“Some people think accounting is boring, but to me it is my life,” says Svitlana Kotseruba, a bookkeeper from Ukraine. “I love numbers, I love working with documents – this is my cup of tea. And this is what I do well.”
With a Bachelor’s degree, Kotseruba had a successful career in her country. She was about to be promoted to a Controller position when in 2008 her husband found a job in a small town in Nova Scotia and the family moved to Canada. “Leaving a good job and stability wasn’t easy for me,” Kotseruba admits, “but I have heard that Canada gives great opportunities and I tend to idealize it before coming here.” Finding a professional job in Canada, however, turned out to be harder than she expected.
One of the first challenges she encountered was her foreign worker status. The family had applied for immigration, but the process was long and until the decision was made Kotseruba could not use the immigration settlement services, register at job agencies and attend free English classes. Even though she had passed the IELTS (International English Language Testing System), required for applying for permanent residence in Canada, she still felt she needed to improve her language skills in order to find good jobs. “I was trying to contact immigration agencies and to explain them that I was in process of immigration,” she recalls, “but I was turned down dozens of times – I was told these services were for permanent residents only, not for foreign workers.”
To help her family budget, Kotseruba had to do survival jobs – in retail, fast food chains and at a local school. “Until that moment, I didn’t even know that there was a term ‘survival job’,” she says, “and that it meant a temporary job that a person takes just to pay the bills that were coming – because life requires it. It was my hardest time in Canada when I decided to do that. I started thinking that there was no way to get back to my profession. In fact, at that time I didn’t understand that it was just a matter of time…”

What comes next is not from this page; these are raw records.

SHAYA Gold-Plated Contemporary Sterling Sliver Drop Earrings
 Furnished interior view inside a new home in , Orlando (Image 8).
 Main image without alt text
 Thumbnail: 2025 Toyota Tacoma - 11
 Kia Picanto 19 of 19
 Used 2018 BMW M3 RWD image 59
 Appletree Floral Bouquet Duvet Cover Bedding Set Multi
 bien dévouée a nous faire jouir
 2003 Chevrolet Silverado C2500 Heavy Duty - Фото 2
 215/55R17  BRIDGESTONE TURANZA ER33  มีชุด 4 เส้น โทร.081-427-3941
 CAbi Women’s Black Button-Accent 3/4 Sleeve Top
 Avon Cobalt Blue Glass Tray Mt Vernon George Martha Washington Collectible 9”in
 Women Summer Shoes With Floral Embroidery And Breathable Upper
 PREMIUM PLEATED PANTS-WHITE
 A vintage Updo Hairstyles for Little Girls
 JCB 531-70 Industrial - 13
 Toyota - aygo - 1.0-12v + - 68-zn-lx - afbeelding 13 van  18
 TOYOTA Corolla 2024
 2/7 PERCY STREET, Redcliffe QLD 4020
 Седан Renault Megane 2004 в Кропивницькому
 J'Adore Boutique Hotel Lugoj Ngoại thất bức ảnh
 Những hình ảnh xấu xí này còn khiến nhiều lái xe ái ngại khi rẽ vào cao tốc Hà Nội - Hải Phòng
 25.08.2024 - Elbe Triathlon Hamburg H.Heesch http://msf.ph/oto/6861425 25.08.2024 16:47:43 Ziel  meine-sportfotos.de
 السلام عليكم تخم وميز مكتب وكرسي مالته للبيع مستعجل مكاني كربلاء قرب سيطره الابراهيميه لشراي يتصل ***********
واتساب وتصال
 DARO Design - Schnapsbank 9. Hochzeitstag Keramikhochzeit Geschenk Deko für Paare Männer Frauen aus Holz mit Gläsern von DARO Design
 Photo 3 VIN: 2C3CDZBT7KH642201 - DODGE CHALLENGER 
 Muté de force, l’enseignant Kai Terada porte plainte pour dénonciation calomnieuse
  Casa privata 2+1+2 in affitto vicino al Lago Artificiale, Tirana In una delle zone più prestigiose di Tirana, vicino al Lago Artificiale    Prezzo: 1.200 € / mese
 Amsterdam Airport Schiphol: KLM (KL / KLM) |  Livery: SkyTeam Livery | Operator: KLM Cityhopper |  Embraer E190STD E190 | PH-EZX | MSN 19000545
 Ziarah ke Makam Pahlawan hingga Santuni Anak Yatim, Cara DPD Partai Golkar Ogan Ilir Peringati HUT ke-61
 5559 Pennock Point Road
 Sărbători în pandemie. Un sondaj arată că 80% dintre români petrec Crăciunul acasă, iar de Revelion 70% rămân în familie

Nevertheless, Kotseruba kept contacting different agencies until one day she found a program which accepted foreign workers. It was at Immigrant Settlement and Integration Services in Nova Scotia. The program was related to job search. Twice a week participants attended classes where they were taught how to search for vacant positions and how to write resumes and cover letters. There were also activities that aimed to provide newcomers with interview skills. Job seekers were encouraged through success stories told in the classes. “I was so grateful that I was allowed to join this program,” Kotseruba says.
One day she learned there was an opportunity for a mock interview that would be recorded and participants would be given a CD with the recording. Kotseruba took this opportunity and found out that the interviewers were representative of real businesses. The questions were related to her profession and she answered correctly to all of them. Also, she was told her English was good enough for working in a Canadian environment. The job developer told her, “Let’s stay in touch. You just keep doing what you are doing and one day opportunity will come.” “I was skeptical about that,” Kotseruba says, “but believe or not, one day the same person called me to say that a government agency was looking for Marketing Coordinator on a temporary contract. I applied and I was called for an interview.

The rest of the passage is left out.